▶ _ACTIVITY_
Set out word for word the line that contains "Sky Pine Retreat - Big Bear Lake, California" and each line after it, through the end of the data below, but exclude the pictures.

▶ _Short descriptive text snippets_
+---+
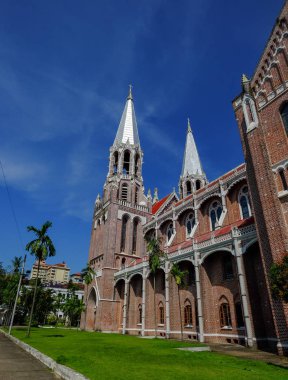Yangon St Mary Katedrali, Myanmar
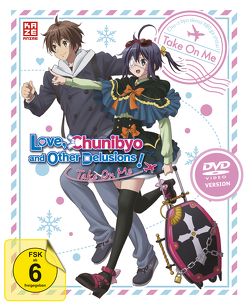 Love, Chunibyo & Other Delusions! – Take On Me (Movie) – DVD (Limited Edition) von Ishihara,  Tatsuya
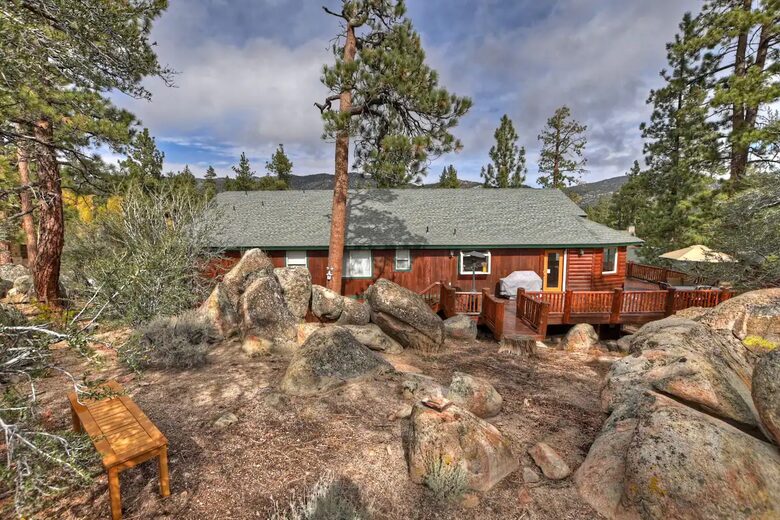 Sky Pine Retreat - Big Bear Lake, California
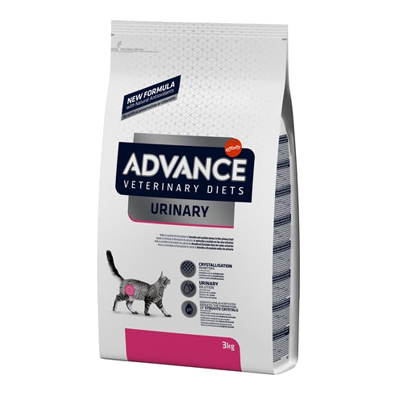 Afbeelding van Advance Veterinary Diet Cat Urinary 3 KG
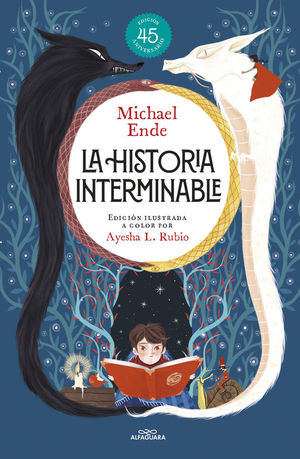 LA HISTORIA INTERMINABLE (EDICION ILUSTRADA 45 ANIVERSARIO)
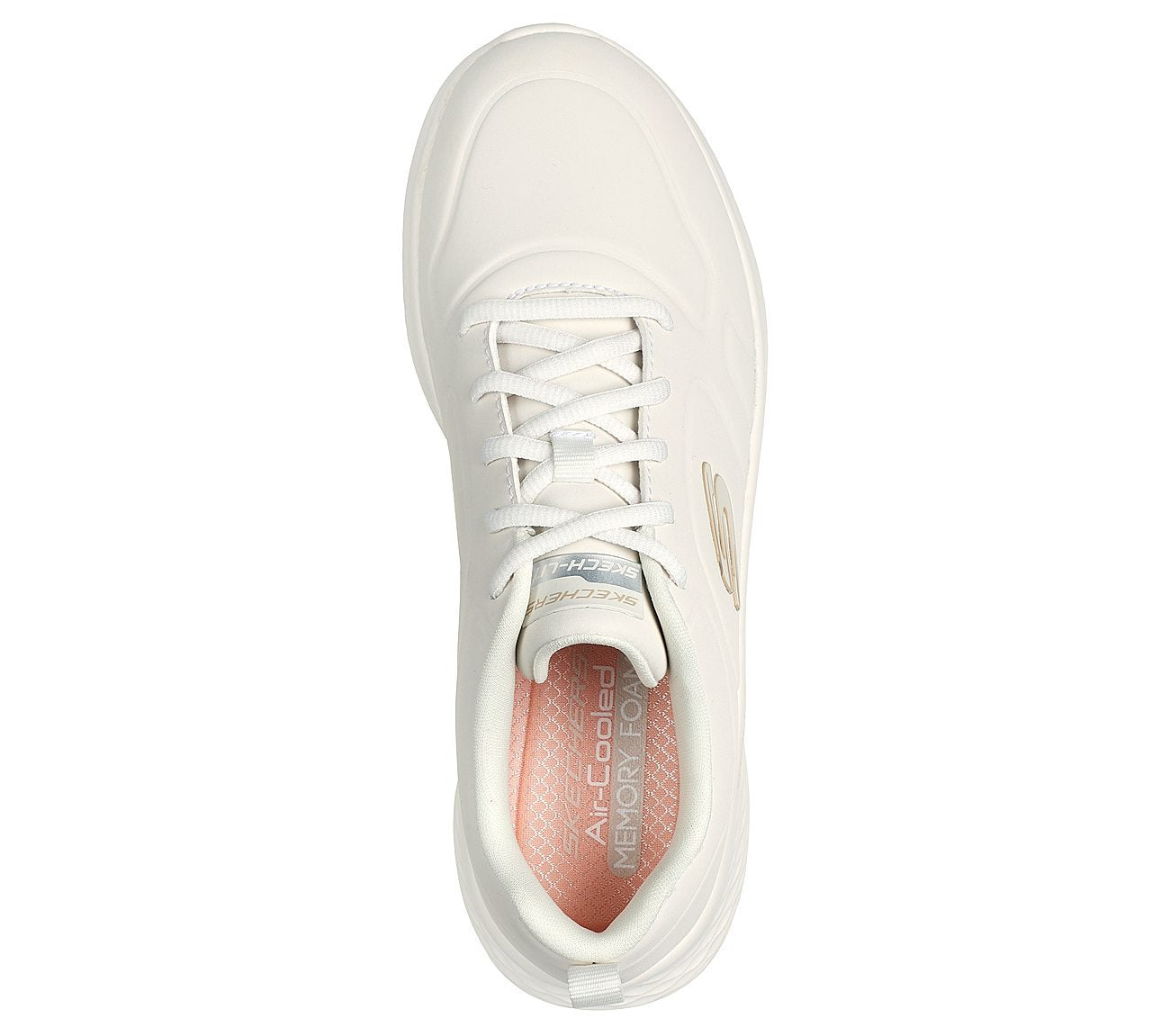Skechers Παπούτσι Γυναικείο - Skech-lite Pro City Stride - 150047-OFWT - White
+---+
▶ _EXERCISE RESULT_
 Sky Pine Retreat - Big Bear Lake, California
 Afbeelding van Advance Veterinary Diet Cat Urinary 3 KG
 LA HISTORIA INTERMINABLE (EDICION ILUSTRADA 45 ANIVERSARIO)
Skechers Παπούτσι Γυναικείο - Skech-lite Pro City Stride - 150047-OFWT - White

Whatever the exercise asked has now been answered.